Notice how there are two different flavours for each coloured Jelly Bean. Pick a black one, and it could be licorice, or it could be skunk spray. A red one could be strawberry jam, or it could be centipede. A brown bean could be chocolate pudding or canned dog food. (I think canned dog food would be a relatively easy flavour to develop, but exactly how did they determine what flavour skunk spray or centipede is, I wonder.)

Back to blue things, the blue jelly beans could either be berry blue or toothpaste and I’m not sure that toothpaste would be all that bad.

If you want to try these Jelly Beans, they are made by Jelly Belly, and they are called ‘Bean Boozled’.

How to Lose Weight – The Strawberry Diet

I lost 2 pounds last week. I’m not sure where they went, but I won’t be sending out a search party to find them. How did I do it? I’m going to claim it was because of my Strawberry Diet.

It I had an ounce of Entrepreneurship in me, I would write another book about this diet (I’m not the first person to eat a boatload of strawberries and write about it).
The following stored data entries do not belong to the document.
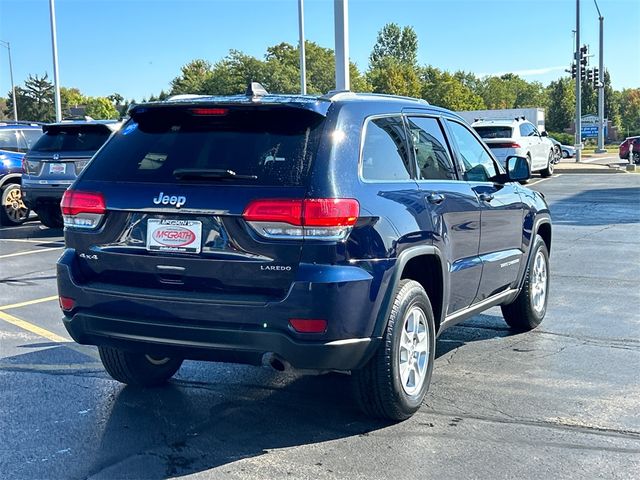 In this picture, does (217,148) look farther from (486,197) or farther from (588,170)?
(588,170)

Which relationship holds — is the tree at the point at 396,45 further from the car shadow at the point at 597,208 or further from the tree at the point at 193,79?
the car shadow at the point at 597,208

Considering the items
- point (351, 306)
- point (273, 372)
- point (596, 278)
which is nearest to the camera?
point (351, 306)

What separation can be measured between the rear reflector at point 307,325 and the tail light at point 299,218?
42cm

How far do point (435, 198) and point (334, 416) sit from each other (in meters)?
1.48

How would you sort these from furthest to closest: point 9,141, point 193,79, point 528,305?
point 193,79, point 9,141, point 528,305

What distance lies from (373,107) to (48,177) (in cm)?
960

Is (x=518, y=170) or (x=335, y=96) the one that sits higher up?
(x=335, y=96)

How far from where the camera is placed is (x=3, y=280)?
30.2 ft

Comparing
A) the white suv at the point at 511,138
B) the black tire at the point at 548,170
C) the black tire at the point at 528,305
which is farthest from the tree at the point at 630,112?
the black tire at the point at 528,305

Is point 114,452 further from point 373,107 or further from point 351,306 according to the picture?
point 373,107

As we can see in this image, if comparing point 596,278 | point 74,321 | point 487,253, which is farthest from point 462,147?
point 596,278

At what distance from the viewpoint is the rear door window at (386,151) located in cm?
432

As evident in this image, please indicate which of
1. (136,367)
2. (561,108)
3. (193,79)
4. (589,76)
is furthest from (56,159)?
(561,108)

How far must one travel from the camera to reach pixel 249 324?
3.88m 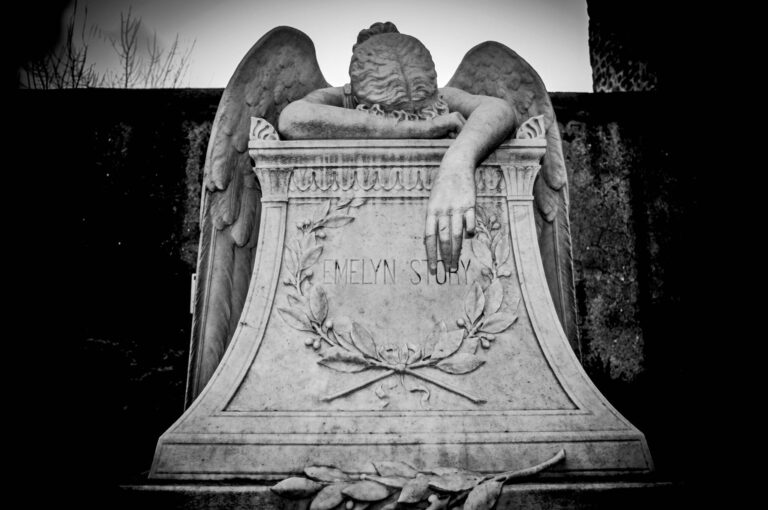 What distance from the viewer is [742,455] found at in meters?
2.36

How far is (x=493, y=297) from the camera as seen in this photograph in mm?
2240

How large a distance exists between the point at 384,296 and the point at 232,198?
2.68 ft

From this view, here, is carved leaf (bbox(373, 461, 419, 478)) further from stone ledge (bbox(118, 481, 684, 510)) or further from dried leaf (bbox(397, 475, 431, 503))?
stone ledge (bbox(118, 481, 684, 510))

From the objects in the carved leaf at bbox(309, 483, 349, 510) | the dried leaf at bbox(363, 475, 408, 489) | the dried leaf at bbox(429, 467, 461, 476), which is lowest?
the carved leaf at bbox(309, 483, 349, 510)

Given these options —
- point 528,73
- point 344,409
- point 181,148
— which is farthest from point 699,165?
point 181,148

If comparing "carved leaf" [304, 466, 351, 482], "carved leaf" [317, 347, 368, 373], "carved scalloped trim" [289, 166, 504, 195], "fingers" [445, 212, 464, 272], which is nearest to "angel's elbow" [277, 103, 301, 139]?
"carved scalloped trim" [289, 166, 504, 195]

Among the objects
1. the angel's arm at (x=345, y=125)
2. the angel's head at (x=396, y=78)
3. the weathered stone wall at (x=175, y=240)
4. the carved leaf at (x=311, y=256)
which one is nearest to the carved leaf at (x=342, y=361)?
the carved leaf at (x=311, y=256)

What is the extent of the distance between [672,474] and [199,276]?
6.18 feet

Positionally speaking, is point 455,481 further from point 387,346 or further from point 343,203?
point 343,203

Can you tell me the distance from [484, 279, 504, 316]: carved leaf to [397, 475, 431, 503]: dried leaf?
689mm

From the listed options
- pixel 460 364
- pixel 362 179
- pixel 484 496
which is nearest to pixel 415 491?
pixel 484 496

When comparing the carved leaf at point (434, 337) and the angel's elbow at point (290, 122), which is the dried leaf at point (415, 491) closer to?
the carved leaf at point (434, 337)

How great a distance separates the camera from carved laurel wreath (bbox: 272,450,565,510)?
176cm

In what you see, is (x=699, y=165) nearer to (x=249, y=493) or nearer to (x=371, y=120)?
(x=371, y=120) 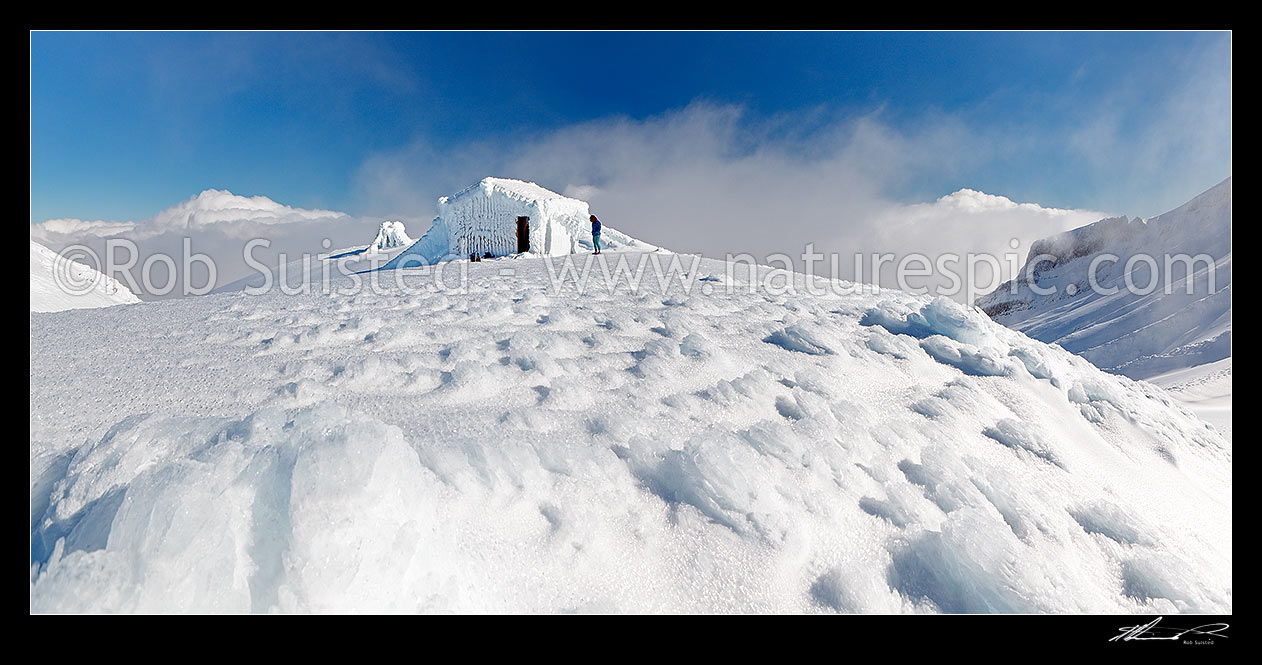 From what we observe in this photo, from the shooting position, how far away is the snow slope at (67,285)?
8891mm

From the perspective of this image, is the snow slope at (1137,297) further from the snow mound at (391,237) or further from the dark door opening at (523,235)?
the snow mound at (391,237)

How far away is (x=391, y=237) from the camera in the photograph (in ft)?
107

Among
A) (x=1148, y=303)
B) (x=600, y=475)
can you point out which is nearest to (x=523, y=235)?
(x=600, y=475)

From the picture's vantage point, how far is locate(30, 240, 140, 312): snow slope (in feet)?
29.2

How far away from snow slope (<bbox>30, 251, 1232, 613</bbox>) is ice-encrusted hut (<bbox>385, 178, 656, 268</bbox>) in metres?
13.8

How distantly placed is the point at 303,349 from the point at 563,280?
3.83 m

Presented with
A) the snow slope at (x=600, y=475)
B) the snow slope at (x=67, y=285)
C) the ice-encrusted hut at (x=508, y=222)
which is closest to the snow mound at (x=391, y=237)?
the ice-encrusted hut at (x=508, y=222)

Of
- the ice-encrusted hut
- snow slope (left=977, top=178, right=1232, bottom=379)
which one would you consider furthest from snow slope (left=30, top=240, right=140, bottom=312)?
snow slope (left=977, top=178, right=1232, bottom=379)

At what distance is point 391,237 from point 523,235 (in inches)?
795

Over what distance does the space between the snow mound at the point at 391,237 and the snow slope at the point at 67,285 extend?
18.5 metres

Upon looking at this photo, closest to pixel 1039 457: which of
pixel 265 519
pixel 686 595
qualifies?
pixel 686 595

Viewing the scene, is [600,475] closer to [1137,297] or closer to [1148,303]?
[1148,303] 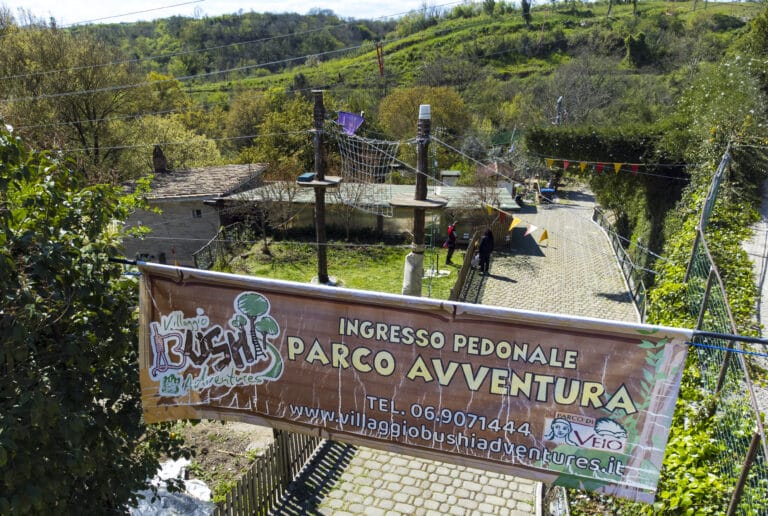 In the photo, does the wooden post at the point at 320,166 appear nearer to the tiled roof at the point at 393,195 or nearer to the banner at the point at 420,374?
the tiled roof at the point at 393,195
But the procedure is so incredibly simple, and I’m all for the free sharing of ideas (and Garage Sale Stuff), so I’m going to tell you my secret.

First, you need a bargain hunting husband like mine who bought a very big container of strawberries from Costco because it was so much cheaper than a small container at the grocery store. Then, you need him to wash and hull and chop them all up for you.  My spouse also came home with one good size watermelon which he also cut into bite size chunks.  Since he doesn’t really like strawberries all that much, he overdosed on the watermelon, leaving me to use up the strawberries.

Day 1 – Breakfast is a good time to start eating the strawberries. A good size bowl full of them and a chopped apple, with granola sprinkled over top, and a big dollop of yogurt – I ate it with enthusiasm. Lunch – more strawberries, more yogurt, and a spoonful of peanut butter on the side for a bit of protein. Afternoon snack – a bowl of strawberries, a banana, and a small spoonful of ice cream. Dinner – a bit of meat and a bunch of vegetables, then dessert – a bowl of strawberries, and a squirt or two of chocolate syrup. (A bit of exercise is good too – I painted a bedroom.)

Day 2, 3 and 4- Pretty much a repeat of Day 1 as far as the strawberries were concerned. I varied the other foods, just to keep it from getting too boring. (Keep up the exercise! I painted the dining room, weeded the flower beds and cleaned the house.)

Day 5 – Coming down the home stretch on the strawberry front – I finished them off by bedtime. I didn’t like strawberries all that much by then. My enthusiasm for painting, cleaning and weeding wasn’t all that high either.

So there it is – The Strawberry Diet. Of course, I should call it the Strawberry, Yogurt, Other Foods, Painting, Weeding and Cleaning Diet, but I don’t think that would sell as well.